Se terminaron el soft power y la diplomacia económica. Vuelve a reinar la política del poder más realista y tradicional. Asistimos a la creciente confrontación de dos modelos antagónicos: el capitalismo de mercado de corte democrático y el capitalismo de estado autoritario; entre ambos polos se mueve el resto del planeta, con una inquietante deriva hacia pulsiones cada vez más iliberales. Y en los resquicios de esta pugna se cuela el creciente cleavage entre globalismo y nacionalismo, sin duda el debate definitorio de nuestro tiempo.
En el corazón del G20 laten ambos modelos y concepciones del mundo, lo cual dificulta la posibilidad de impulsar su agenda, incluidas los tres pilares definidos por la actual presidencia indonesia: reforma de la arquitectura de salud global, transición energética sostenible y transformación digital y tecnológica. Dicho esto, no debemos minimizar dos hechos singulares que abren un cierto margen para el moderado optimismo. En primer lugar, la sucesión de cuatro presidencias G20 del llamado Sur Global, con India, Brasil y Sudáfrica tomando el relevo de Indonesia de aquí a 2025. Y por otra parte, ya en clave ya netamente latinoamericana, un previsible alineamiento progresista entre los tres países de la región miembros del G20 –Argentina, Brasil y México—, inédito hasta la fecha desde que este foro adquirió su actual relevancia.
Ambos fenómenos nos remiten a un tímido escenario de posibilismo: países con un peso global creciente que aspiran al desarrollo de sus poblaciones sin caer en el juego de suma cero y de lucha por la hegemonía global que libran Washington y Beijing. Países que, en el caso particular de los tres miembros latinoamericanos del G20, hacen gala discursiva de que otra globalización es posible: más humana, más equitativa, más respetuosa con el planeta.
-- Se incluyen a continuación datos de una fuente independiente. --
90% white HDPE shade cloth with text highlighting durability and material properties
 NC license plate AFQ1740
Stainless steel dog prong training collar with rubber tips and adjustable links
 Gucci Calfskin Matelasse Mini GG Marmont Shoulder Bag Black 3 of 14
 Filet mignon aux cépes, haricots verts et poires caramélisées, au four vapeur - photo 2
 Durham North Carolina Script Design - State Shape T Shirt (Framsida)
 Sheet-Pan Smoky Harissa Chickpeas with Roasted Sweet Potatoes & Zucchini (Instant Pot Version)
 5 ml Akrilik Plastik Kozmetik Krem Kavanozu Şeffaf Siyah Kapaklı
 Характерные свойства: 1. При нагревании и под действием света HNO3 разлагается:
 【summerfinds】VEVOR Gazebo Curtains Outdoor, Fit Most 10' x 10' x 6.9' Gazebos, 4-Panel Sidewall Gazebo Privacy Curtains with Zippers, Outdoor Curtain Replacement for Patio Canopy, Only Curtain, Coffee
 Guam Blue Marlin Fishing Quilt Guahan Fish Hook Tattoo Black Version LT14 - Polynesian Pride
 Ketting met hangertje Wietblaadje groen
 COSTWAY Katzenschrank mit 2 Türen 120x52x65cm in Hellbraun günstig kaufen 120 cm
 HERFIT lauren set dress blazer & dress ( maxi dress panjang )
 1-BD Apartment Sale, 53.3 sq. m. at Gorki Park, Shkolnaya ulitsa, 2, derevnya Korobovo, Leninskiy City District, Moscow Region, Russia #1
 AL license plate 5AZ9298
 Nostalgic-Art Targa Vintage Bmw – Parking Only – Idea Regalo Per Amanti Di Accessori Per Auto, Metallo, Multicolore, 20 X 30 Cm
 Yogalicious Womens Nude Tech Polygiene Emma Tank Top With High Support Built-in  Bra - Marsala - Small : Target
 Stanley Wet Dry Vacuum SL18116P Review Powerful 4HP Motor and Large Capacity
Si la crisis de los 70 alumbró el G7 y la de 2008 el G20, quizás esta dramática situación de crisis planetaria que vivimos pueda dar pie a un nuevo modelo de gobernanza global, sin necesidad de pasar por el trauma de un gran conflicto, como ocurrió en 1918 o 1945. Quizás podamos alumbrar un nuevo sistema menos basado en la competencia, la exclusión y los intereses nacionales y más en la solidaridad, la inclusión y el interés global colectivo. En un momento particularmente difícil como el actual, con los tambores de guerra batiendo con especial virulencia, es hora de que emerja una nueva mayoría de países dispuestos a construir un orden mundial diferente, que supere por fin las lógicas de poder que vienen lastrando la historia de la humanidad. Y el propio G20, paradójicamente, puede ofrecer un buen caballo de Troya para ello.